● WHAT TO WORK ON
Repeat only the lines below from the one that contains "Suasana perwakilan kabupaten" through the final line, exactly. Omit pictures.

**** TASK MATERIAL ****

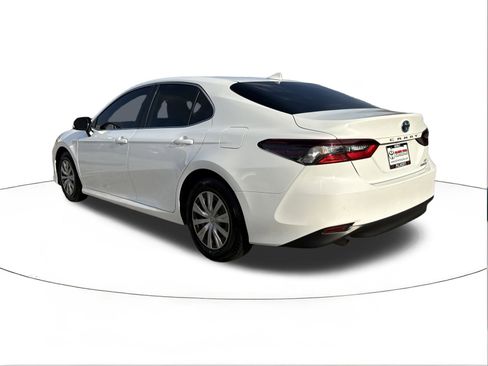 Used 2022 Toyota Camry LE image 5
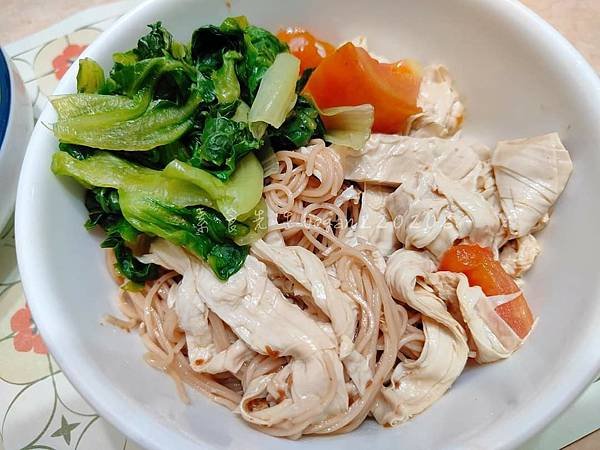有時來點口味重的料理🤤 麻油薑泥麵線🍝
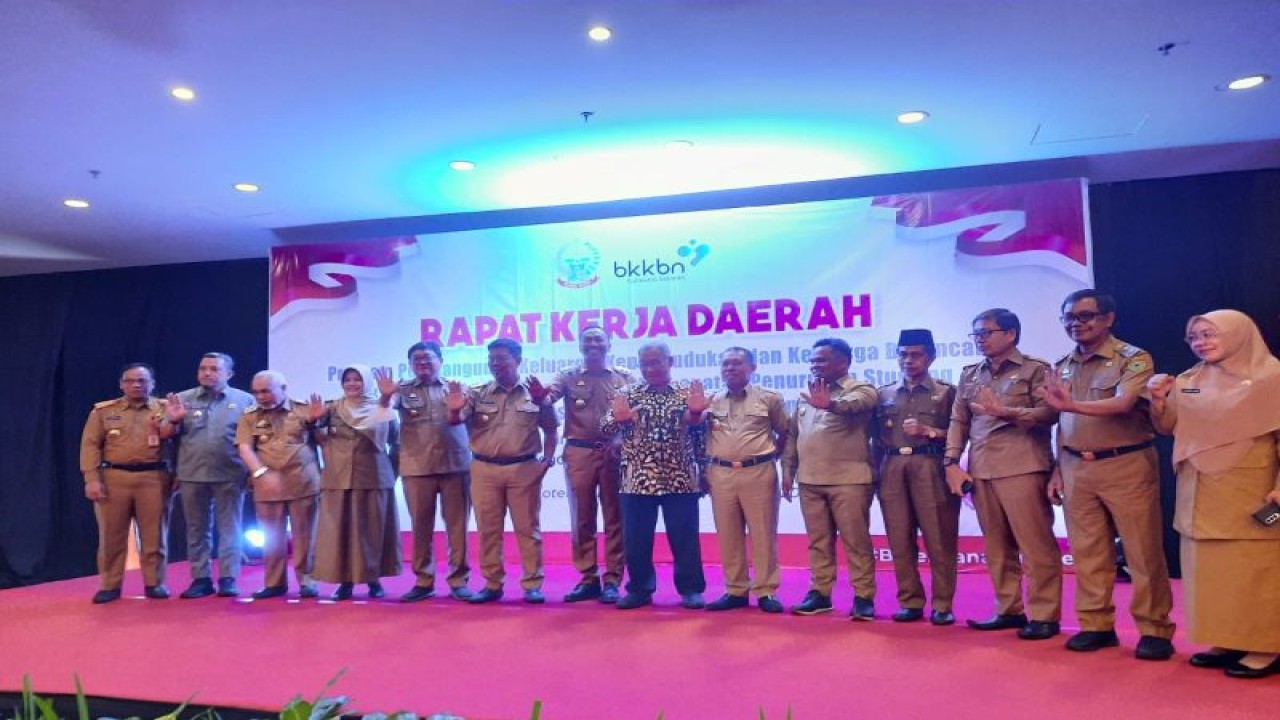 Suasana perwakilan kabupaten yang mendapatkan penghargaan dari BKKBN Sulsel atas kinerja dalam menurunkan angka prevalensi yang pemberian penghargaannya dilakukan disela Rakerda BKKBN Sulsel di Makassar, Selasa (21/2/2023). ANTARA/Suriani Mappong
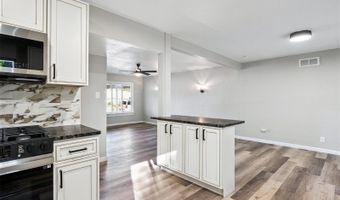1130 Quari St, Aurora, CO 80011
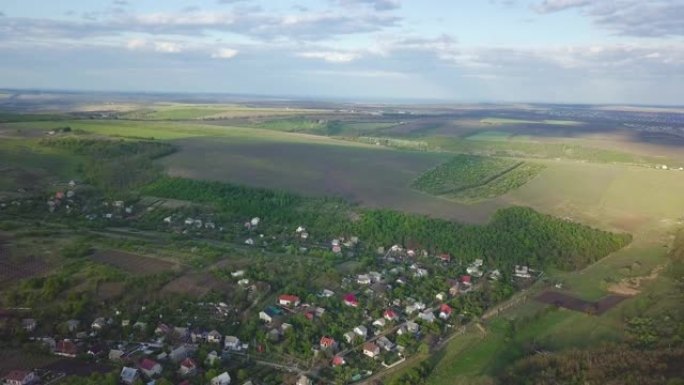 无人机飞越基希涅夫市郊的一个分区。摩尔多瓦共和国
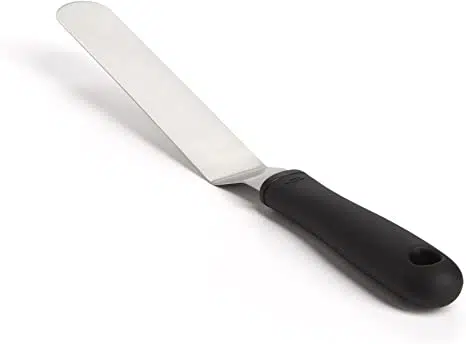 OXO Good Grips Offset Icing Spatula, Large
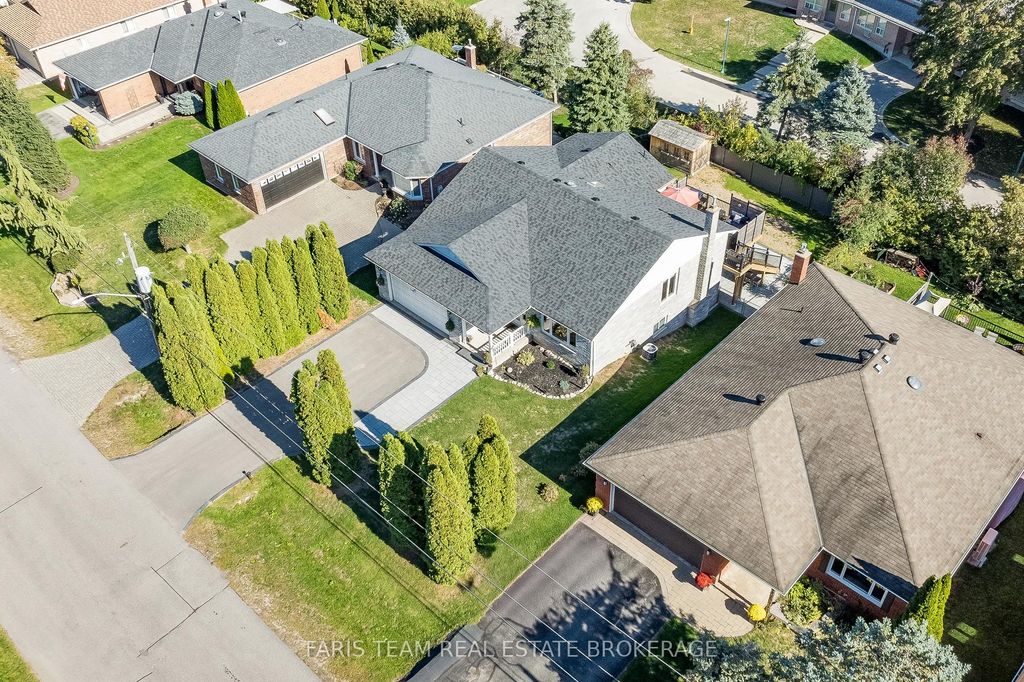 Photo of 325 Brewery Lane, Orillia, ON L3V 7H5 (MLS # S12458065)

****

● YOUR SOLUTION
 Suasana perwakilan kabupaten yang mendapatkan penghargaan dari BKKBN Sulsel atas kinerja dalam menurunkan angka prevalensi yang pemberian penghargaannya dilakukan disela Rakerda BKKBN Sulsel di Makassar, Selasa (21/2/2023). ANTARA/Suriani Mappong
1130 Quari St, Aurora, CO 80011
 无人机飞越基希涅夫市郊的一个分区。摩尔多瓦共和国
 OXO Good Grips Offset Icing Spatula, Large
 Photo of 325 Brewery Lane, Orillia, ON L3V 7H5 (MLS # S12458065)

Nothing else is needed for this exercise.